Mega Bank, in the early part of the scenario would probably be able to raise funds offshore by issuing covered bonds. The problem with covered bonds is that their issuance will exacerbate the amount of capital that Mega Bank will actually require due to the significant weaknesses they cause to the balance sheet through the over collateralisation assets  (residential mortgages) sucked in to the covered pool at the expense of unsecured creditors. How much extra capital will be required to cover this balance sheet weakness?

My interpretation of the stress test scenarios conducted may not occur as a matter of fact but it’s not fanciful and is a real probable outcome.

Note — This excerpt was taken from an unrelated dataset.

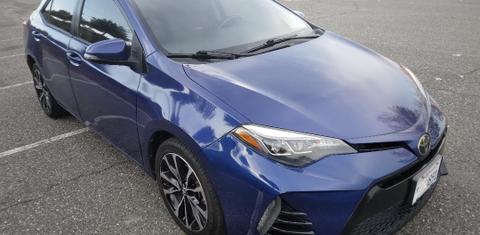 Toyota Corolla 2017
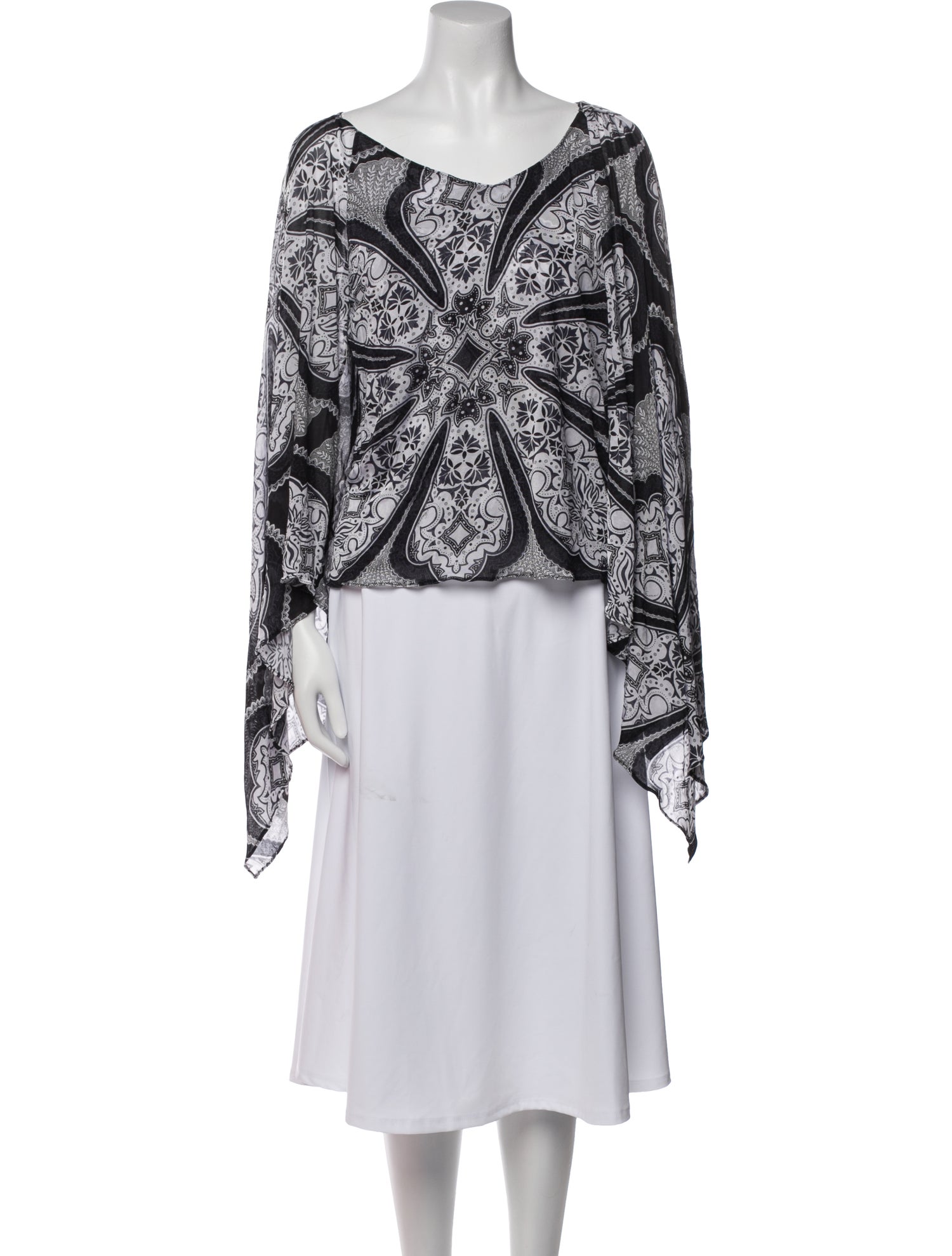 Gucci Vintage 2004 Blouse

  1. Stress Tests are almost a waste of time as they do not provide a sound mechanism for dealing with a long tail crisis that will arrive sooner or later.

    What we need is a clear resolution mechanism for systemically important institutions.

    What triggers conversion of quasi equity into tier 1 ordinary capital?
    How is the conversion ratio of dilution of pre-recapitalisation shareholders calculated?
    What are the rankings of other liabilities for conversion to tier 2 then tier 1 capital and ordinary shares?
    what triggers each conversion?
    How is the amount converted?

    Covered bonds are the building blocks of future disaster, watering down the position of unsecured creditors and increasing the likelihood and likely amount of loss borne by government/taxpayers. Ban covered bonds. Only liquidity provided by RBA ought be covered and only by first class security.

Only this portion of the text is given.